This collaborative arts research project compares the landmark discovery of the Staffordshire Hoard, the largest hoard of Anglo-Saxon gold and silver metalwork discovered in 2009, with an imagined hoard from present day pre-adolescent girls. The collaborators constructed a subterranean installation, generated speculative historical documents, collected and embellished social networking “artifacts,” and photographed the entire process. In addition to dealing with the notion of a medieval hoard as a signifier of a medieval warrior as both hero and anti-hero, this artbook, or work of futurist archaeology, addresses contemporary issues relating to gender, youth culture, bullying, adolescent development, iconicity, status symbols, and additional contemporary tween issues.
The fabricated hoard presented here is comprised of the trappings of current “tween” girl culture — for example, cell phones decorated with hot pink crystals, necklaces with twinkling pendants, personalized/defaced dolls, and religious objects. As our future archeologists study these and other objects, the greater context of bullying emerges: the hoard objects were stolen from one group of tween girls by another. This project suggests a reconceptualization of treasure, the acts of hoarding and archiving, and the visual cultures of both tween girls and medieval warriors.

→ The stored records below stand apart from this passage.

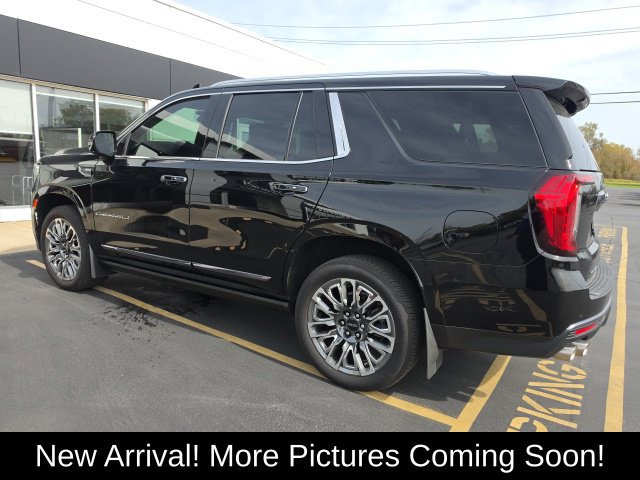 Used 2024 GMC Yukon Denali Ultimate w/ LPO, Floor Liner Package AWD/4WD image 2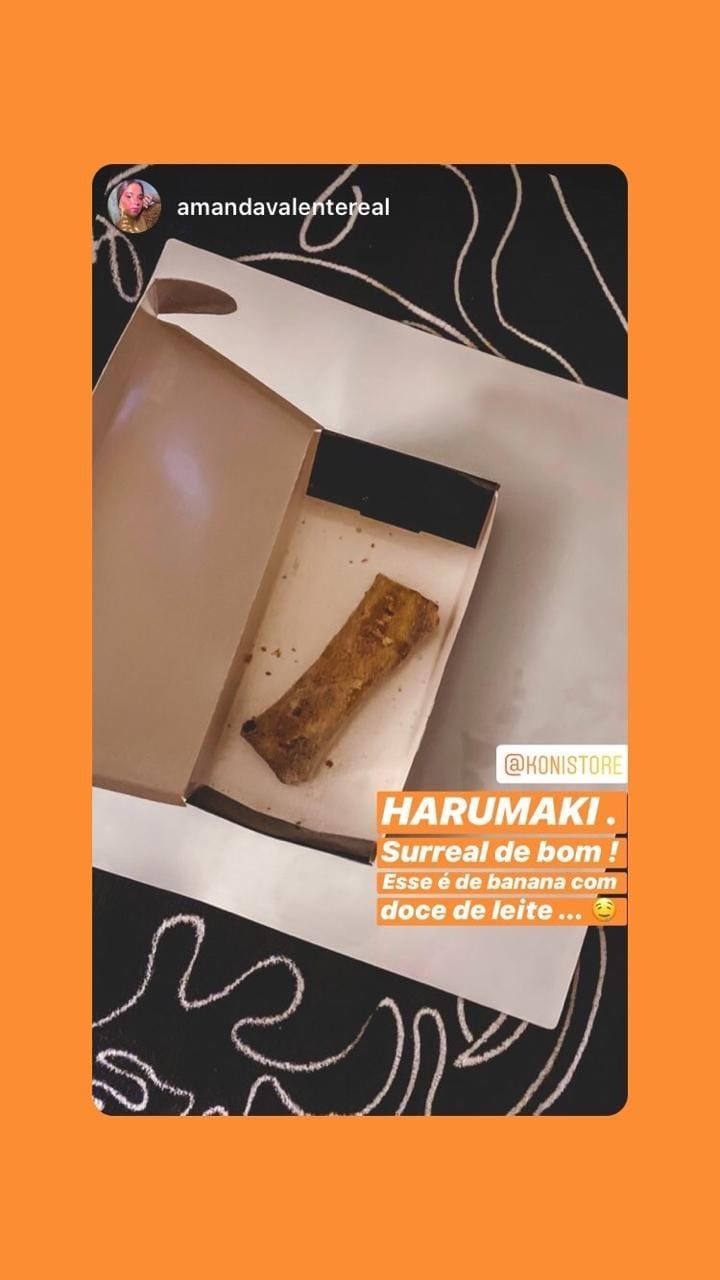 Story de influenciadora com o harumaki de banana com doce de leite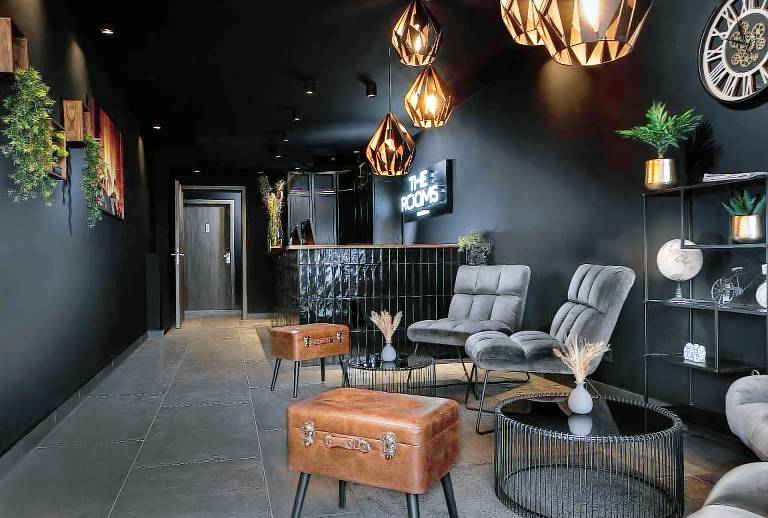 THE ROOMS - Hotel & House in Eschborn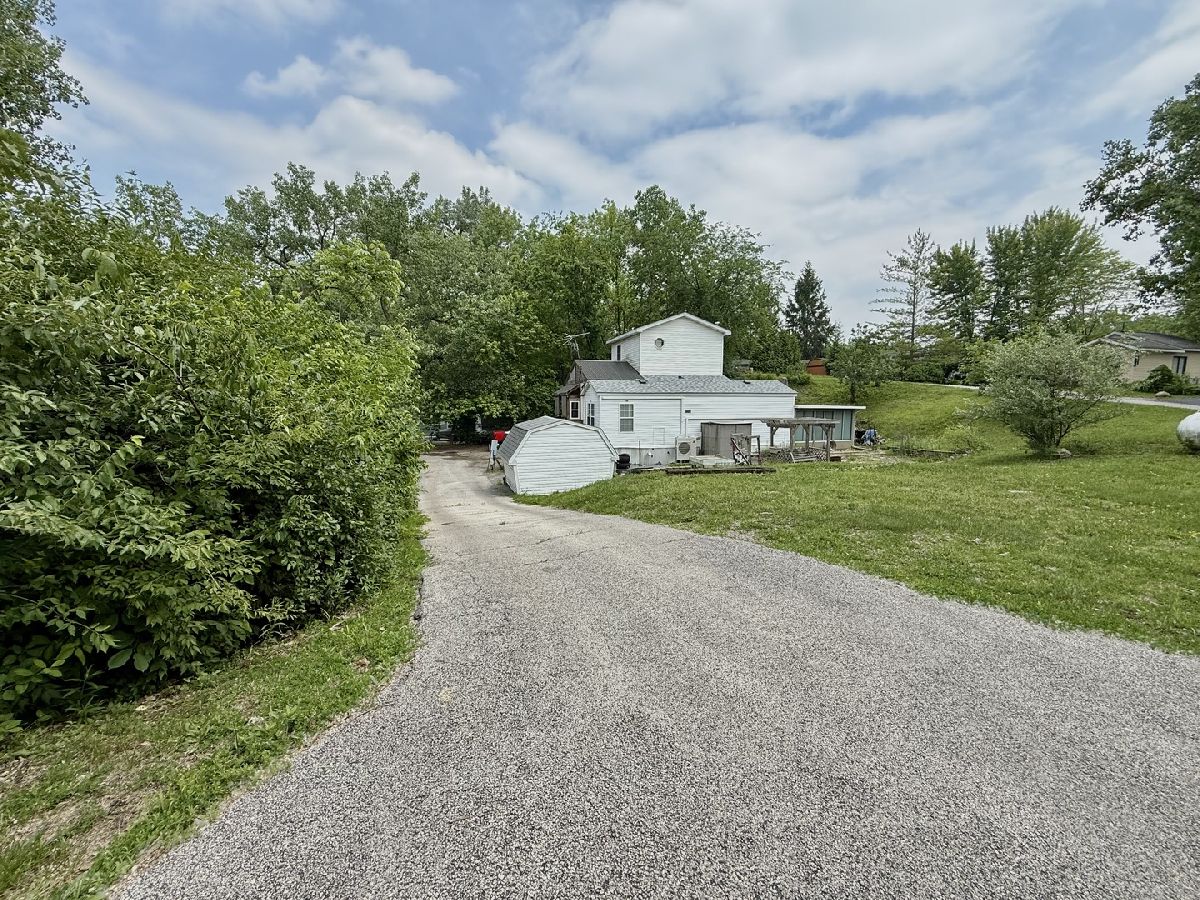 Homes For Sale Shadow Lakes Wilmington Illinois, 46 Lakeshore Drive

Bloodshed and intense physicality marked the medieval warrior’s existence. Weaponry was not just a medieval necessity but also a status symbol. Young girls impose just as much meaning to their specific visual culture, and though they do not (always) rely on physical violence, the act of bullying can be just as devastating. The question of how we deal with violence associated with historical, and gendered, objects is central to this project, which also confronts the form of the traditional collection of scholarly essays with the intense visuality of an artist book. The photographs and graphic design of this volume are just as important as the content of the essays themselves. This volume depends on the fruitful collisions between the “scholarly” and “creative” processes. Even the tone of the writing showcased here intentionally travels from fictional accounts to academic scholarship to personal accounts of bullying.
The South Station Hoard depends on such disciplinary fusion, intentionally mixing it up with medieval studies, art history, gender studies, art education, and photography, while also being aimed at various groups of students as well as experts in various fields. Because of the seemingly ubiquitous presence of bullies in all arenas of young adult life, and beyond, it is hoped that this volume will be useful for educators, counselors, and mentors of both young girls and boys.